На этом жизненный сюжет, прямо связанный с Журно, был для Берберовой завершен. Оставалось завершить соответствующий литературный сюжет, что будет сделано по приезде в Америку. Берберова снова вернется к «Маленькой девочке» и создаст наконец окончательный вариант, который вскоре опубликует в «Мостах».[127]
Поставить «Маленькую девочку» в Америке Берберовой так и не удастся, но после публикации пьесы в России («Современная драматургия»,1991, № 2) она вызовет интерес российских режиссеров. В 2001 году «Маленькую девочку» поставят в Театре имени Ленсовета, а в 2002-м по пьесе создадут телеспектакль. Однако завершение «Маленькой девочки» было не единственным и, конечно, не главным результатом поездки Берберовой в Европу летом 1960 года.
Из этой поездки, как помнит внимательный читатель «Курсива…», Берберова привезла с собой «замысел этой книги».[128] По возвращении в Йель она практически сразу взялась за работу, собираясь управиться года за два. Но этот данный самой себе срок оказался нереальным, ибо писать удавалось только урывками, главным образом в течение зимних и летних каникул. В письме двоюродной сестре Берберова обрисовала ситуацию так: «В июне я хочу двинуть книгу мою, которую начала осенью и к которой не возвращалась с Рождества. Я очень много успела за эту зиму, вероятно, потому, что жила очень тихо и трудолюбиво».[129]
Основное время, естественно, отнимало преподавание: у Берберовой была очень большая учебная нагрузка. Кроме того существовало еще несколько важных обязательств. Берберова должна была подготовить подборку писем Тургенева к Генри Джеймсу, уже давно опубликованных на Западе, но на русском языке до сих пор недоступных. В переводе Берберовой и с ее предисловием эти письма появятся в альманахе «Мосты» (1961, № 7). Она также должна была написать (и написала) ряд материалов для «Нового журнала».[130]

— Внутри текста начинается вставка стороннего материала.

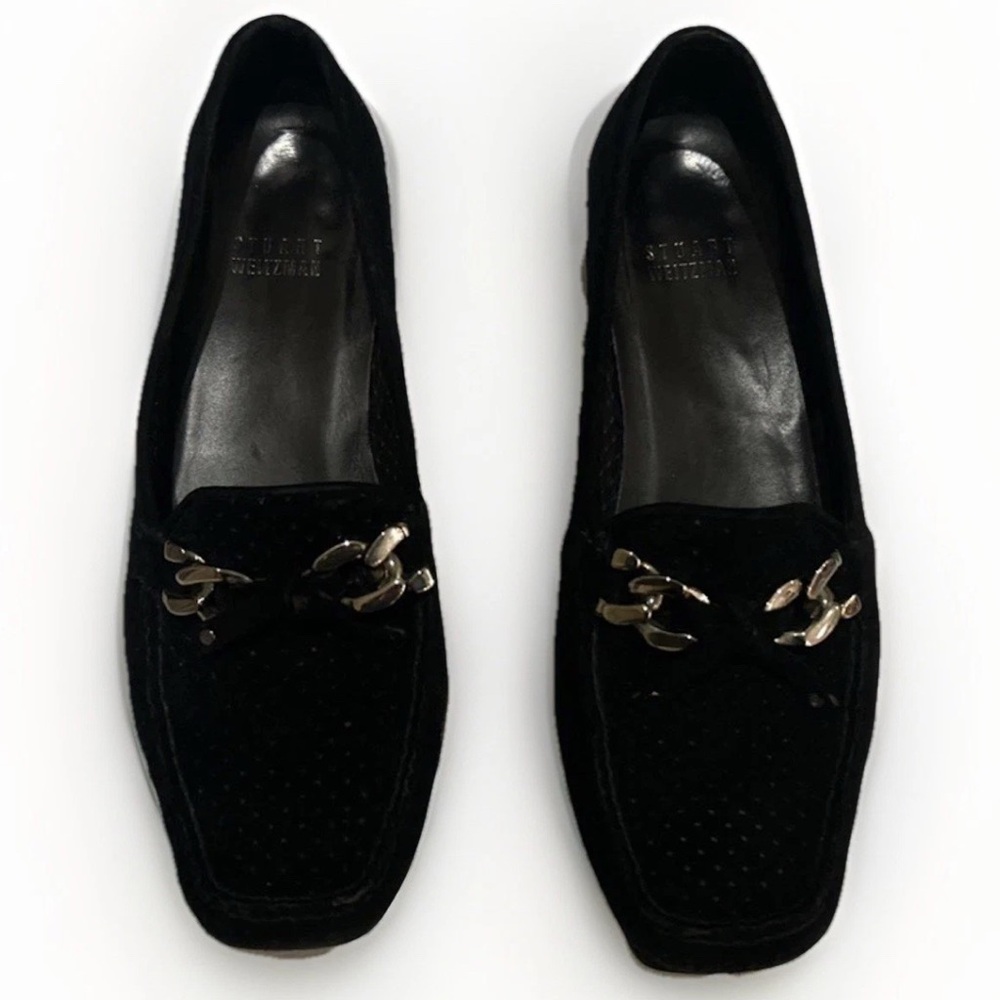 Stuart Weitzman Lincoln Loafers Low Heel Slip On Leather Shoes 7W Designer
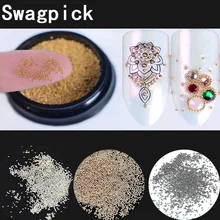 Swagpick крошечные 0,4 мм 1 упаковка, розовое золото, черное серебро, Металлические Мини-икра, бусины для украшения ногтей, 3D Стразы, ювелирные изделия, аксессуары
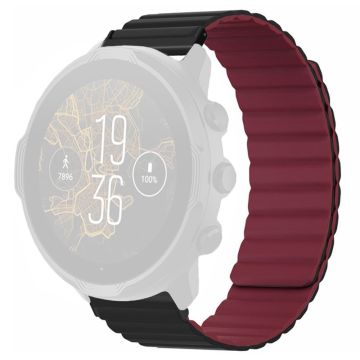 Suunto Spartan Sport Wrist HR Baro / Suunto 7 Magnetic Band 24mm Silicone Watch Strap - Black+Wine Red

Помимо этих проектов у Берберовой было еще одно, особенно ответственное и срочное дело. В 1961 году исполнялось семьдесят пять лет со дня рождения Ходасевича, и к этой дате Берберова задумала выпустить сборник его стихотворений (предыдущий был издан в Париже три с лишним десятилетия назад, в 1927 году). Получив небольшой грант от нью-йоркского Гуманитарного фонда, Берберова составила «Собрание стихов» Ходасевича, положив в основу предыдущий сборник и добавив ряд текстов. Часть этих текстов Ходасевич по разным причинам решил не включать в свою книгу, часть была опубликована позднее в периодике, а часть оставалась в рукописях. В приложениях Берберова дала краткую биографию и библиографию Ходасевича, а также комментарии к стихотворениям, которые он сделал на подаренном ей экземпляре книги. В «Собрании стихов» были две фотографии, одна из которых, снятая в Берлине в 1923 году, прежде не публиковалась.[131]

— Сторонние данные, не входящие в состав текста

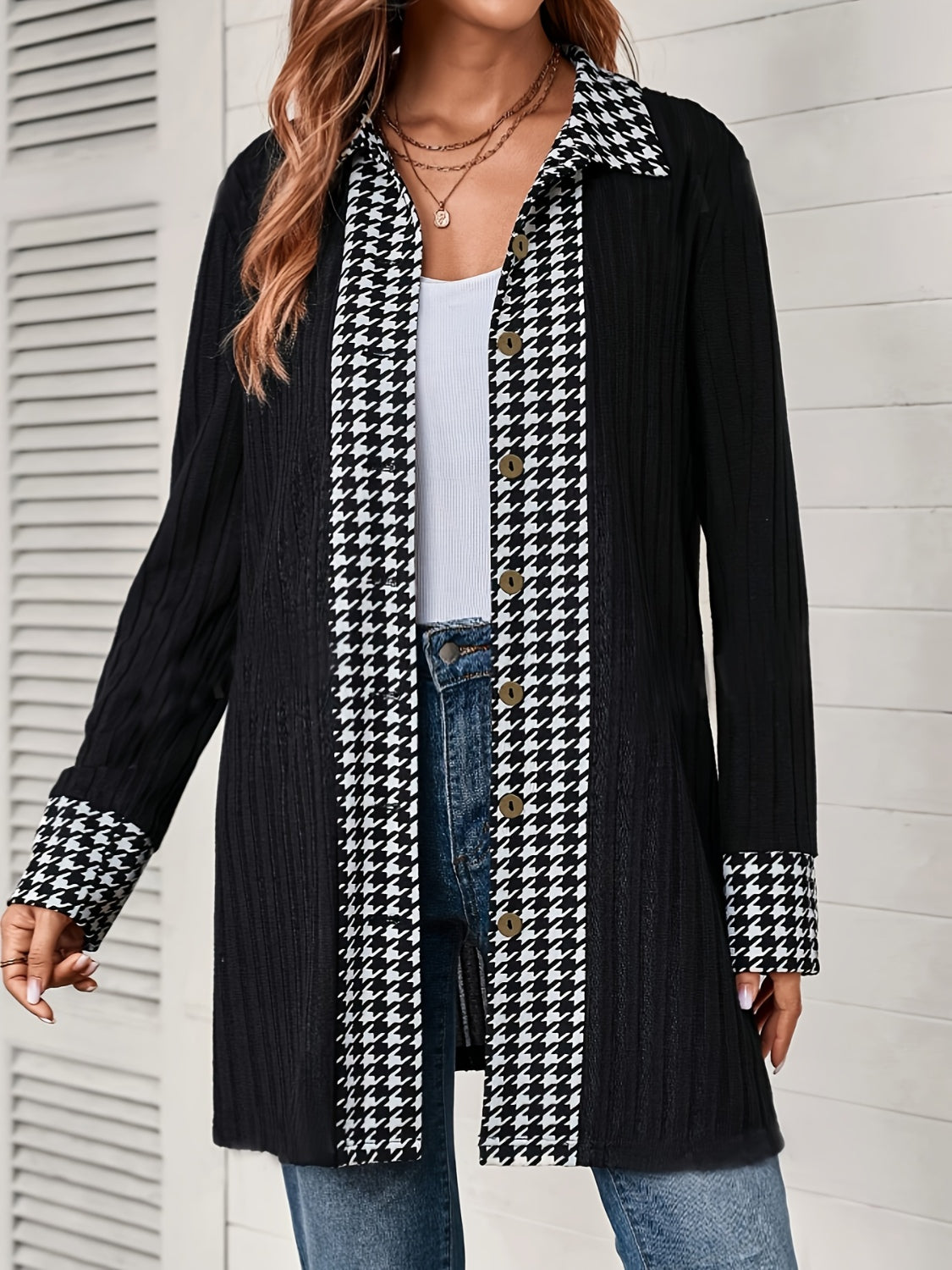 Houndstooth Button Up Long Sleeve Cardigan-TOPS / DRESSES-[Adult]-[Female]-2022 Online Blue Zone Planet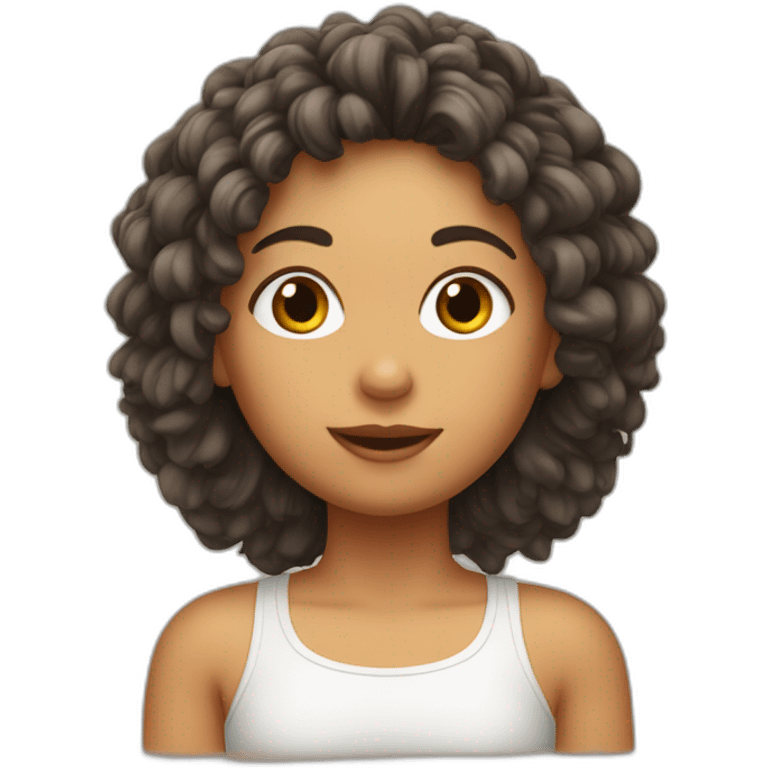 Fille avec gros frond et cheveux frisés emoji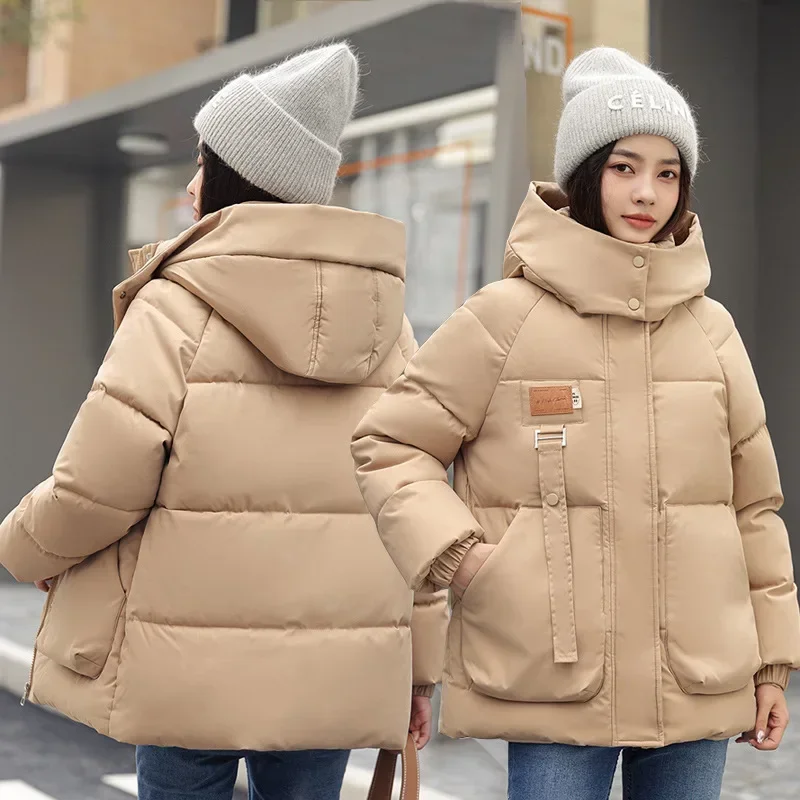 Kapuze Parkas Winter Frauen Kleidung Puffer Jacke warme dicke Baumwolle gepolsterte Jacke Langarm Schnee anzug Tasche Brot Kleidung neu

«Я горжусь, что устроила все это, — писала Берберова Риттенбергу, — отредактировала, издала, истратила много денег, но по крайней мере у него (Ходасевича. — И. В.) теперь такая книга, какой нет ни у Белого, ни у Кузмина, ни у многих других».[132]

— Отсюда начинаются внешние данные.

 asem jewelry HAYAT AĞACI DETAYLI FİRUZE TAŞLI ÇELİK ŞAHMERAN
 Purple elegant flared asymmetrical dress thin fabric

«Собрание стихов» Ходасевича было встречено крайне приветственно и критикой и читателями. «Очень рада, что Вам по душе пришлась книга Влади, — писала Берберова Борису и Вере Зайцевым. — Даже такие „хмурые люди“, как Глеб Струве, и тот тронулся сердцем, пишет: „Как хорошо!“ Книга идет хорошо. Торгуют ею и там (в Мюнхене. — И. В.), и в Париже, и здесь, и в Вашингтоне. Фонд же дал только половину денег. Остальное доложила сама».[133] Неудивительно, что, несмотря на намерение «двинуть» летом «Курсив…», Берберова решила в июле и августе преподавать. Работать в летние месяцы Берберовой придется в то время ежегодно.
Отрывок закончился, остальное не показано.